Cuando los talibanes se instalan en... Nicaragua

Daniel Ortega, presidente de Nicaragua, y su esposa y vicepresidenta, Rosario Murillo.

He sentido cierta fatiga en días precedentes con tantos reportajes sobre la penosa situación de Afganistán un año después de la retirada de las tropas de Estados Unidos. Es una triste confirmación fáctica de la percepción casi unánime que se tuvo en 2021, tras la radical decisión del presidente Biden de abandonar a su suerte a aquel país del Asia central.

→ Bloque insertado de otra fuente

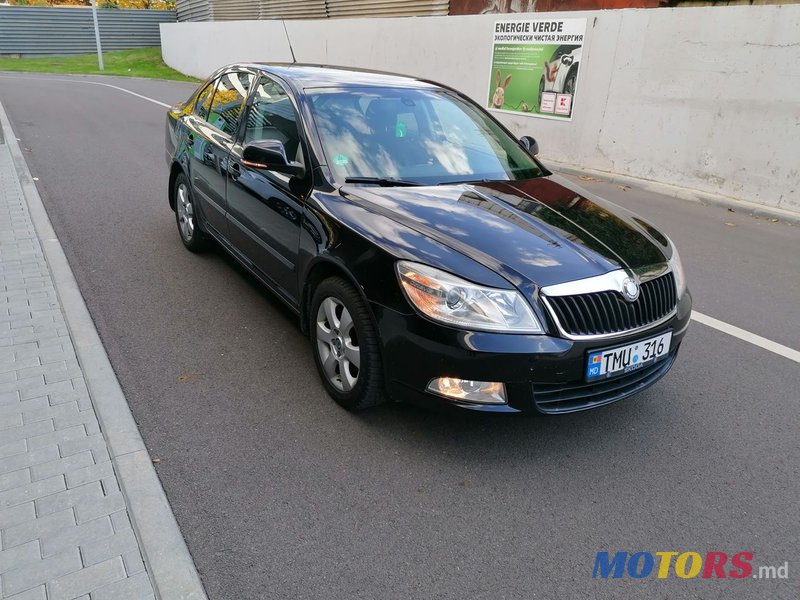 2010' Skoda Octavia photo #1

Quizá no era posible otra solución. Tampoco es fácil discernir en esos casos los límites del neocolonialismo y la defensa de los derechos humanos (universales, por mucho que occidente haya ido por delante en la vigencia y delimitación de esas libertades humanas básicas). Pero la ONU y las demás organizaciones internacionales encallan al intentar dilucidar los hechos, porque se interpone el gran fundamento moderno del Estado absoluto: la soberanía nacional.

Sólo dirigentes de países que siguen siendo absolutistas saltan con facilidad ese muro, también porque no suelen permitir que exista en la práctica una oposición democrática real que asegure el estado de derecho. Basta mencionar la decisión de Putin de hacerse por la fuerza con Crimea, continuada ahora –vista la casi inexistente reacción de las grandes potencias y la inoperancia del consejo de seguridad de la ONU, paralizado por el veto- en la guerra contra Ucrania. Algo semejante, aunque con otros matices, lleva adelante el presidente turco Erdogan contra los kurdos aprovechando el conflicto de Siria.

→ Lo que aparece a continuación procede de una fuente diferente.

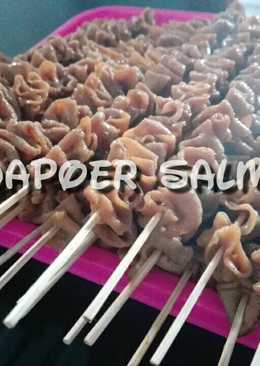 Sate usus ayam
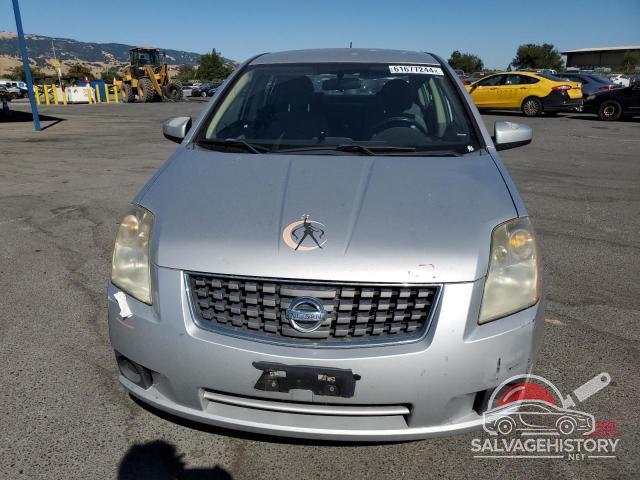 3N1AB61E37L652252 2007 NISSAN SENTRA photo no. 5
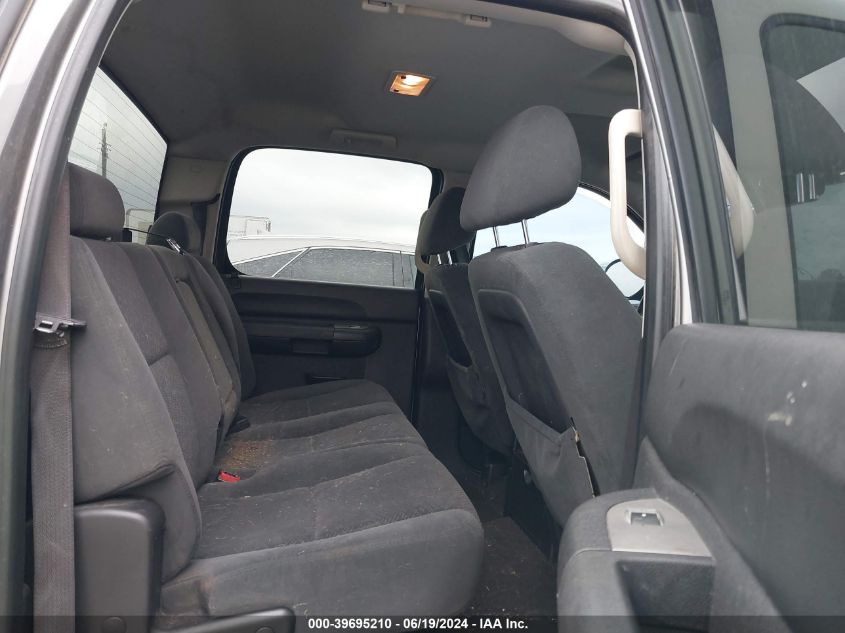 2008 Chevrolet Silverado 1500 Lt1 VIN: 3GCEK13J58G217349 Lot: 39695210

Más atadas tienen sus manos la ONU y la OEA ante el avance de las dictaduras americanas. En esta región, además, las posibles intervenciones de Estados Unidos se ven autolimitadas por la facilidad con que se esgrimen los fantasmas antiyanquis; son más fuertes aún que los sentimientos indigenistas, también acentuados y aprovechados en las luchas políticas, con evidente negación de la historia y de la realidad social de tantos lugares.

Y así avanzan y se consolidan dictaduras, que juegan con la ignorancia de sus pueblos, fomentada con la progresiva y violenta desaparición de la libertad de expresión: cierre de grandes diarios y de emisoras de radio y televisión, por violación del estado de derecho o, simplemente, por asfixia económica, al interferir negativamente en elementos necesarios como el papel-prensa...

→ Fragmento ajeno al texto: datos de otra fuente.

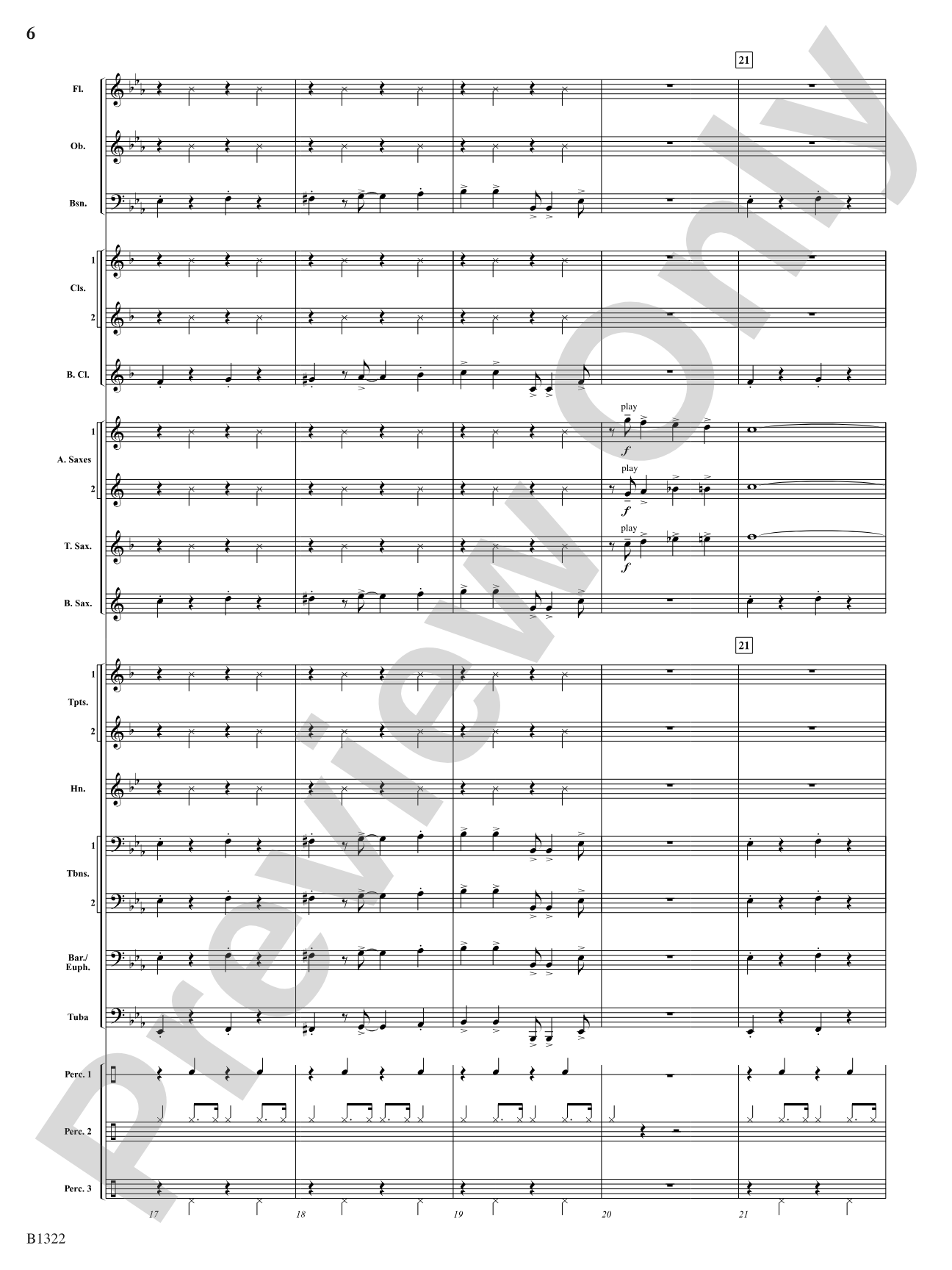 Go Tell It on the Mountain: Concert Band Conductor Score & Parts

Aunque desde lejos, siento la terrible imposición del sandinismo que, en su paroxismo, llega a acusar a cualquiera que se oponga como promotor del odio o la venganza. En las batallas ideológicas de los últimos tiempos no ha sido difícil observar cómo –jurídicamente- antiguas víctimas se han transformado en verdugos. La confusión entre libertades formales y reales juega hoy más bien a favor de la negación de la presunción de inocencia, con evidente riesgo de injusticia, más aún cuando se juzga en el acto, no en los tribunales, sino en las redes sociales. Pero me parece que Daniel Ortega ha llegado al colmo en Nicaragua, al acusar a la jerarquía católica de promover el odio social.

Los sucesos de estos días llevan a recordar la violencia de los sandinistas en el funeral de Ernesto Cardenal, fallecido en 2020 con 95 años: perturbaron la celebración con evidente saña, y evitaron que los periodistas gráficos pudieran realizar su trabajo. Cardenal fue ministro de cultura durante la revolución, y lo era cuando el papa Juan Pablo II visitó Nicaragua en 1983: le dijo personalmente que debía regularizar su situación; dos años después la Santa Sede decretó la suspensión a divinis (la revocó en 2019 el papa Francisco a petición suya y teniendo en cuenta su avanzada edad). Pero entretanto, como otros, se había opuesto firmemente a la deriva totalitaria de Ortega desde su vuelta al poder en 2007, y se convirtió en una de las bestias negras del régimen.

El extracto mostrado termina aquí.